Defendants appeal from a judgment commanding them to take title to certain immovable property described in plaintiff’s petition.

The plaintiff and defendants entered into an agreement by which the former was to sell the property to the latter, tendering .them a good and perfect title. The defendants refused to accept title when tendered, on the ground that there was no personal warranty to plaintiff by his vendor; that the title tendered by plaintiff is a tax title, the property having been sold for the taxes of 1876, 1877 and 1878, made in pursuance of Act 82 of 1884; that the assessments of said property were defective in its description; that neither plaintiff nor his assigns have been in possession a sufficient length of time to acquire title by prescription, and that defendants fear that the absence of a stipulation of warranty in the title to plaintiff will cause them to be sued and evicted for defects of which they are not aware; that there were no taxes due on said property; that the owner was dead, and his wife also, at the time of the assessments. There is no evidence that the party to whom the property was assessed was dead at the time of the assessments, or that the taxes had been paid on said property.

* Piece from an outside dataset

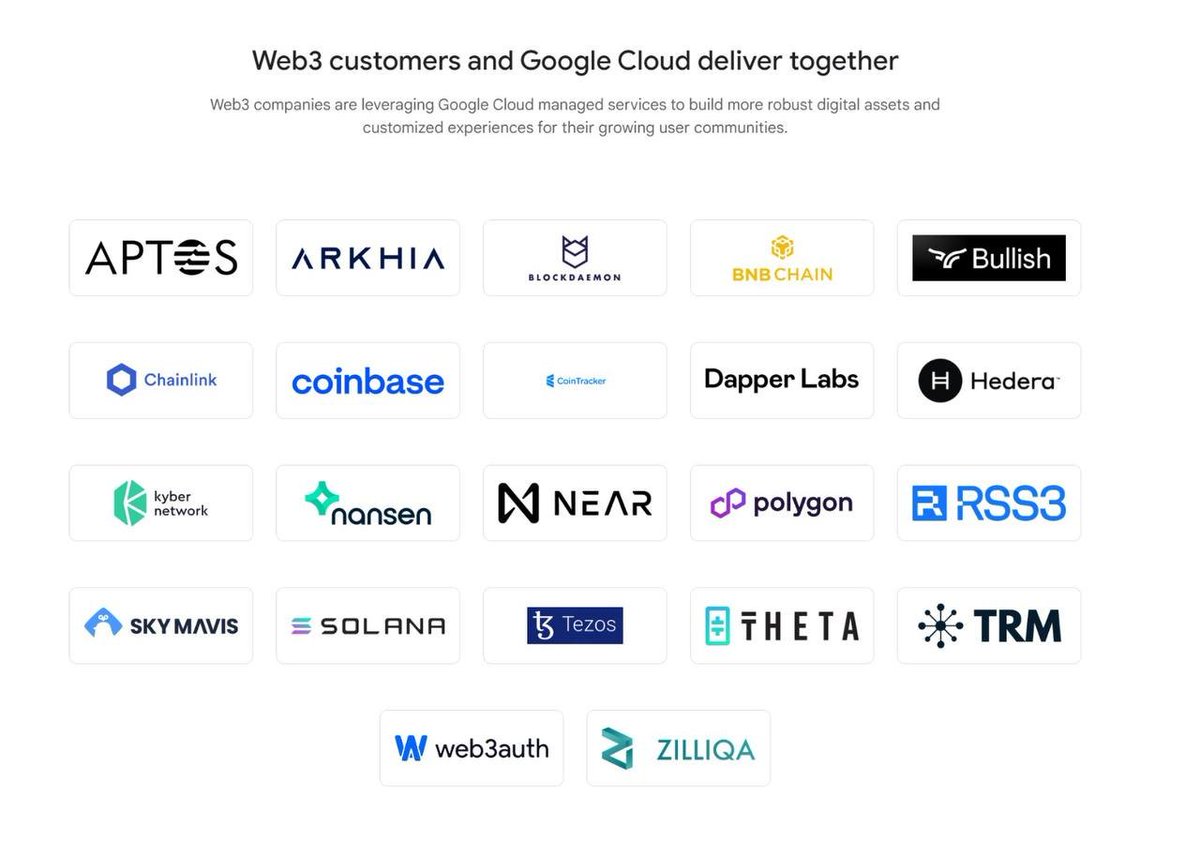 Big one for @rss3_ Being listed on the Google Web3 page as partner in a list of some big projects. It's the lowest market cap on there 🫡 cloud.google.com/web3?hl=en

The description of the property on the assessment rolls was sufficient to identify the property, and to point it out as the property of the party to whom it was assessed.

The deed to Smith, the tax debtor, described the property “as lots five, six, seven, eight, adjoining each other, and measure each thirty feet front on Washington street by a depth, between parallel lines, of one hundred and thirty feet six inches and four lines; said lot eight forming the corner of Washington and Broad streets; lots nine and ten adjoin each other, and measure each thirty feet on Broadway by a depth, between parallel lines, of one hundred and twenty feet.”

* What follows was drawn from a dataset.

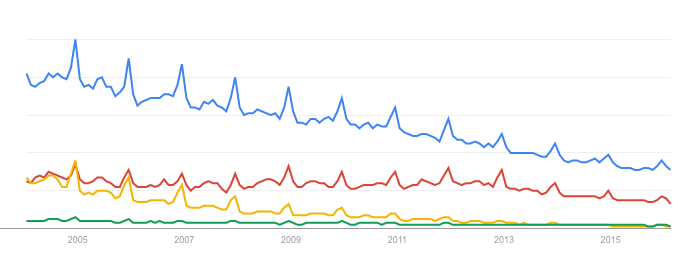 Comportamiento de las búsquedas en Google de Canon (azul), Nikon (rojo), Sony camera (verde) y digital camera (amarillo) a lo largo de los últimos diez años.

The assessment and the Tax Collector’s deed described the property as “ five certain lots of ground in the Sixth District of the city of New Orleans, in the square bounded by Washington, Broadway', St. Charles and Pine streets, designated as lots Nos. 5 to 9; measuring one hundred and twenty feet on Washington street by a depth of one hundred and sixty feet and four inches, forming the corner of Washington and Broadway streets.”

The measurement and lot numbers correspond to the title of the person, A. W. Smith, to whom the property was assessed. The property on the assessment rolls and the tax deed is described as a whole and in more accurate detail. This is only the substantial difference in the description.

It is argued that the tax debtor was living in 1880, and may appear and contest the defendants’ title. Apparently there are no defects in the tax title. It is prima faoie a good title, and we are not called upon to invalidate the title, because there is a possibility that Smith may appear and urge grounds of nullity that can only be conjectured, not even raising a cloud on the title as now presented.

The defendants are not'Concerned with the absence of warranty between plaintiff’s vendor and himself. Had there been an express warranty defendants could not avail themselves of it without subrogation.

Judgment affirmed.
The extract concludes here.